I am trying to use a KDE method to estimate a histogram distribution non-parametrically. I have used the example https://root.cern.ch/root/html/tutorials/math/exampleTKDE.C.html and the primer https://arxiv.org/pdf/hep-ex/0011057v1.pdf to familiarize myself with the methods.
I am assuming “rho” in the example is the same as the smoothing parameter “h” in the primer, but I am not certain of that. Is that the case?
Further when I use the modified example script:
exampleTKDE_mod.C (2.31 KB)
I get inconsistent results. I’ve modified the sample script to have the scale of the histogram and parameters of the distribution depend on “xmin” and “xmax” only, and to use a Landau distribution, because that’s more similar to the data that I will ultimately use this functionality on.
The particular questions that come up are:
-
why does the estimate become worse when I change the scale to be 10e-6 as opposed to 10? Does it have to do with selecting a value of “1” for rho? It seems like the primer suggests that the optimum value for rho in at least one strategy for optimizing would be scale and number-of-data-points dependent, does that need to be made explicit before constructing the TKDE class?
-
even if I keep the scale of the calculation to be 10 I recover 0 for the KDE if I use more than say 10000 points.
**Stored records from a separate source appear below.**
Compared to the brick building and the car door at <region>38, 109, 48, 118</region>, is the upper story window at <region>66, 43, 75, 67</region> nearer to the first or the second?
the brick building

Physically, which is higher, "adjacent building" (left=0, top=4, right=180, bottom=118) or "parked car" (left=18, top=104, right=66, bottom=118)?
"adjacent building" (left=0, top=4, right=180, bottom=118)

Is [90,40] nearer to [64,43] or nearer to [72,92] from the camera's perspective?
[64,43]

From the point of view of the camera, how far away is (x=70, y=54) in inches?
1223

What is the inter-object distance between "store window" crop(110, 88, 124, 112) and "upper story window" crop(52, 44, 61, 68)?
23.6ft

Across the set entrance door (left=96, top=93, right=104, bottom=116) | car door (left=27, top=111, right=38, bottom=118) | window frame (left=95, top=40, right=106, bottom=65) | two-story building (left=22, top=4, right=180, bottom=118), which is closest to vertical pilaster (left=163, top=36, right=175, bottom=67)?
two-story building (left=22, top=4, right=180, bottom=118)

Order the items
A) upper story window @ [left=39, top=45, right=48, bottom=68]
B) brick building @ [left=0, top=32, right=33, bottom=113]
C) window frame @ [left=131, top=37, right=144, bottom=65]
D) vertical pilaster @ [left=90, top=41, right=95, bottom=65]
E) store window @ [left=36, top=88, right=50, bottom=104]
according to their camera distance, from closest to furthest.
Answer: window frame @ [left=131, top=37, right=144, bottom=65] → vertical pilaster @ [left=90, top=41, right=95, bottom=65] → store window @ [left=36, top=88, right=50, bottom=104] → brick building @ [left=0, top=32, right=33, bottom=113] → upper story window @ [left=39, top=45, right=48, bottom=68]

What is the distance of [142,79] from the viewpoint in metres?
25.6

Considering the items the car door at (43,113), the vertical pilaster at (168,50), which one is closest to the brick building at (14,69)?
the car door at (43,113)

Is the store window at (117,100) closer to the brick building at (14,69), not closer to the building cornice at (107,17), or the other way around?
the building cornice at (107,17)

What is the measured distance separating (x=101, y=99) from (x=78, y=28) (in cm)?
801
Why does that occur for my modified script and not the example script that I originally referenced?UPDATE: Looking at this post: [url]TKDE crash for more than 9999 data points I added the option “binning:unbinned” to my TKDE class and it seems to work better for the case of more than 10000 initial events now. What does this binning control? Why did the binning option not seem to matter for the original script with a bi-normal distribution but it did for my Landau distribution?
I am using ROOT v5.34/05